Walter Smith, 98, of North Little Rock, another Pearl Harbor survivor, also attended the ceremony and said of that day, “You never forget that.”
The ceremony was held in view of North Little Rock’s Arkansas Inland Maritime Museum on the Arkansas River. The museum includes the U.S.S. Hoga, a tugboat that helped beach the U.S.S. Nevada so it would not block the harbor and fought fires on the U.S.S. Arizona for 72 hours after the Pearl Harbor attack.
The museum also includes the U.S.S. Razorback, a submarine that was present in Tokyo Bay during the formal surrender of Japan.
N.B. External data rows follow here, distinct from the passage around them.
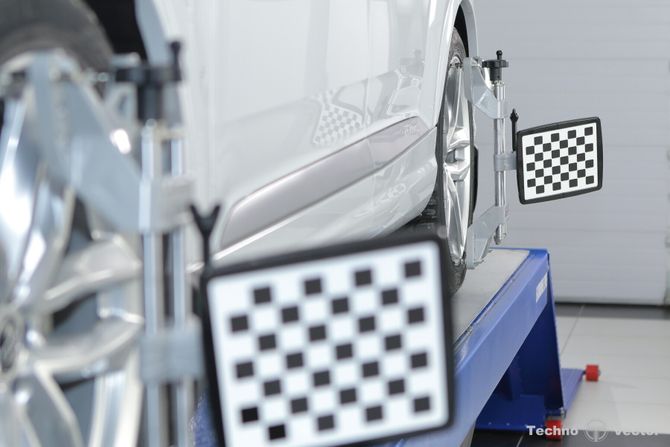 ТехноВектор (7204 KAS) стенд сход-развал 3D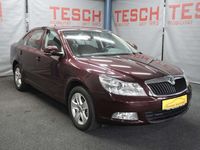 Gebraucht Skoda Octavia 140 PS (102 kW) 2011 Rot Limousine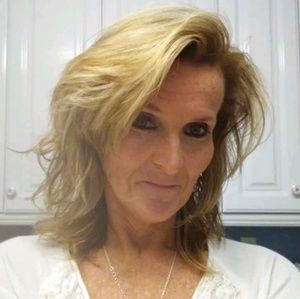 Meet your Posher, Rhonda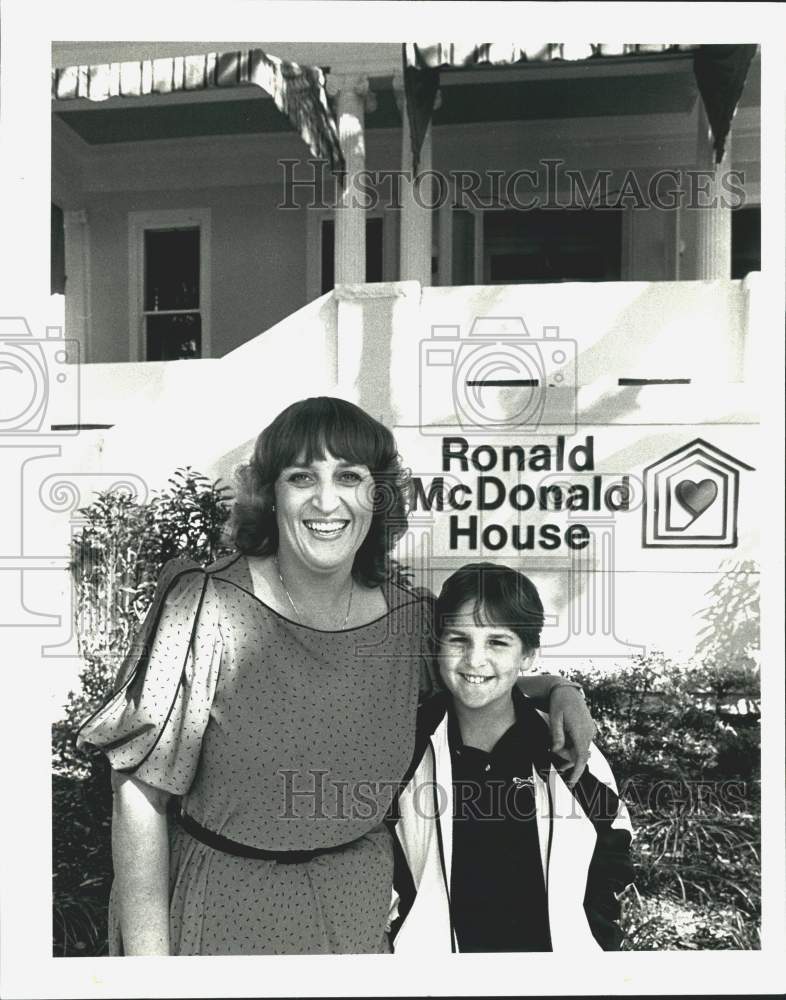 1983 Press Photo Mother and child in front of Ronald McDonald House- Historic Images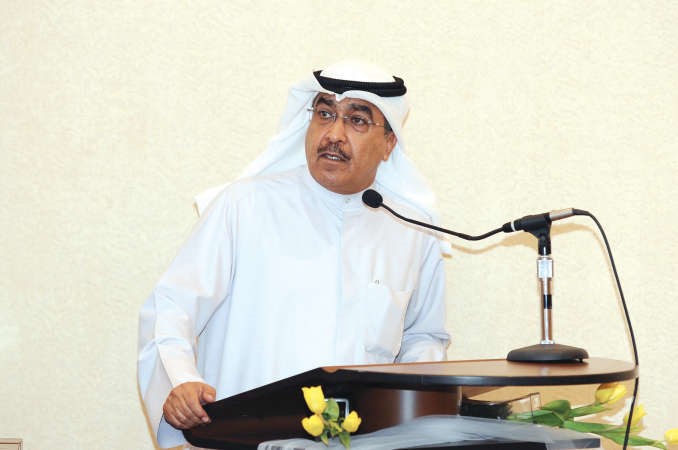 مدير جمعية الصحافيين الزميل عدنان الراشد متحدثا في ختام الحلقة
Despite the name, the submarine had no previous connection to Arkansas.
“This is a moment of remembrance and reflection to what happened to individual lives 75 years ago and to what happened to our nation 75 years ago,” Gov. Asa Hutchinson said during the ceremony.
Hutchinson said 144 Arkansans served at Pearl Harbor, and 23 Arkansans were killed on the U.S.S. Arizona.
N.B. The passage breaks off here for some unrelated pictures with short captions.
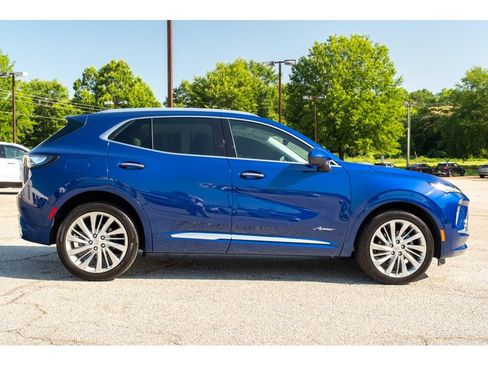Used 2024 Buick Envision Avenir AWD/4WD image 9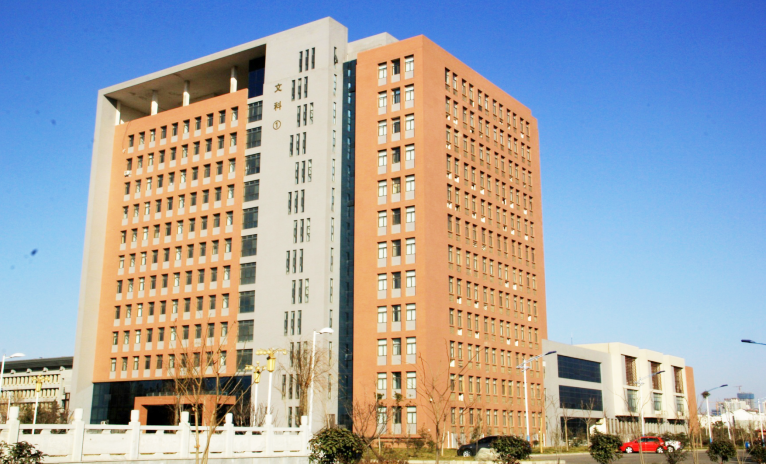 河南科技大學(xué)圖書信息中心、文理組團等消防工程2.png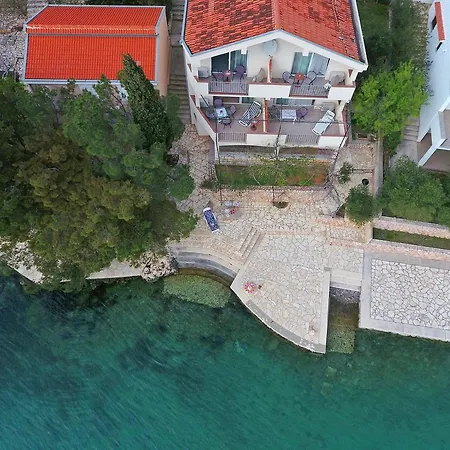 By The Sea Starigrad Paklenica *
He said he did not know how many Arkansans enlisted in the military the day after the attack, but “that number has to be amazing.”
“It was not on that next day but sometime later during World War II that my father (John Hutchinson) also signed up in World War II and served the United States Navy in the Aleutian Islands,” Hutchinson said.
The governor said that before the attack, some were pushing for the U.S. to be isolationist and not get involved in the war, but after the attack “there was never a doubt again about whether the United States should enter the conflict. There was never a doubt as to whether it was our responsibility.”
North Little Rock Mayor Joe Smith said, “When we say that we will never forget, we mean it. And with this memorial here with the Inland Maritime Museum, there is not a better place anywhere in the country for this to be.”